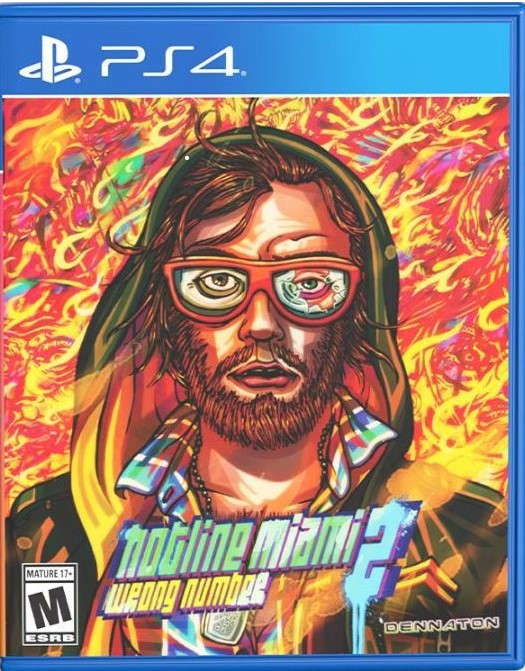 Hotline Miami 2: Wrong Number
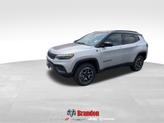 Photo of 2025 Silver Zynith Jeep Compass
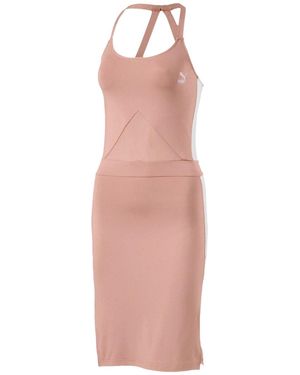 PUMA Archive T7 Dress "Peach" 575066 31" - Black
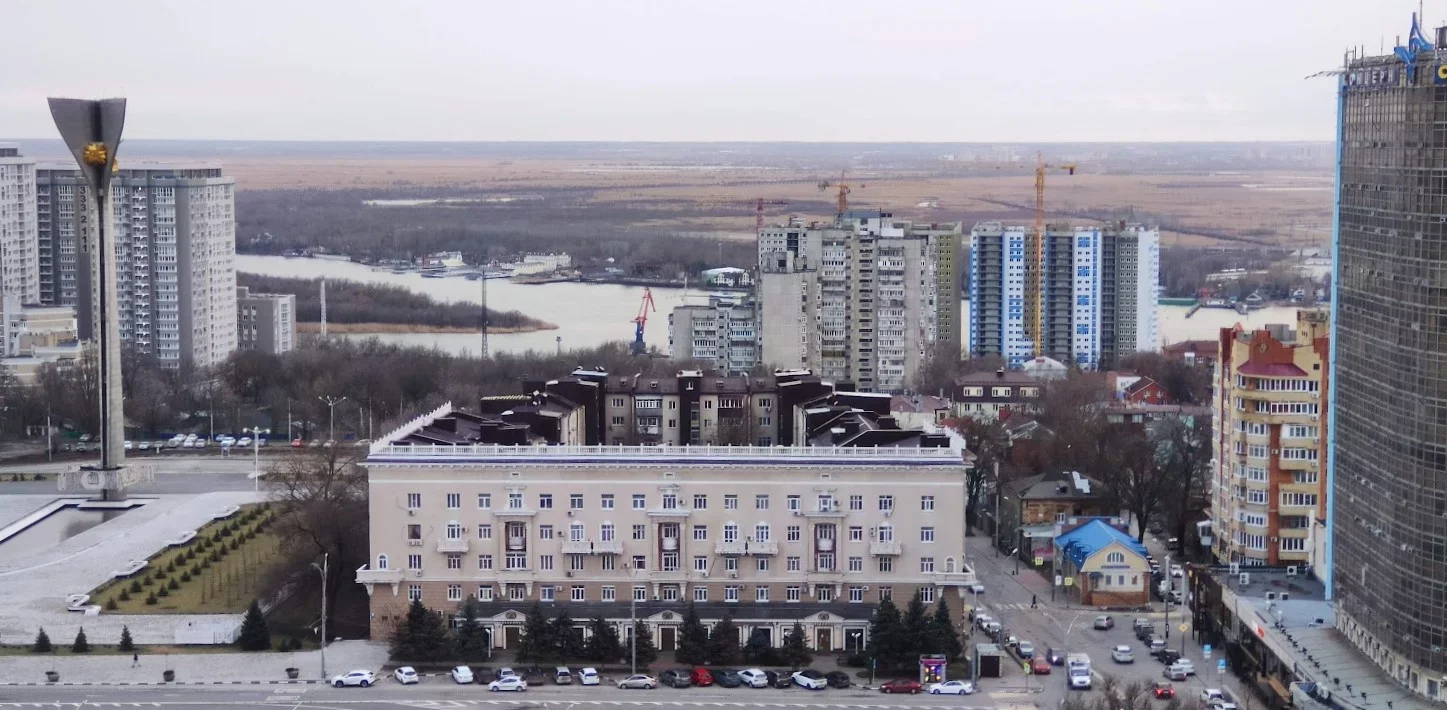 В Ростове на выходных потеплеет до +7 градусов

● Work to complete
Beginning with the line in which "Photo of 2025 Silver Zynith Jeep Compass" appears, repeat exactly each line down to the close of the material, leaving every picture out.

● Worked solution
 Photo of 2025 Silver Zynith Jeep Compass
 PUMA Archive T7 Dress "Peach" 575066 31" - Black
 В Ростове на выходных потеплеет до +7 градусов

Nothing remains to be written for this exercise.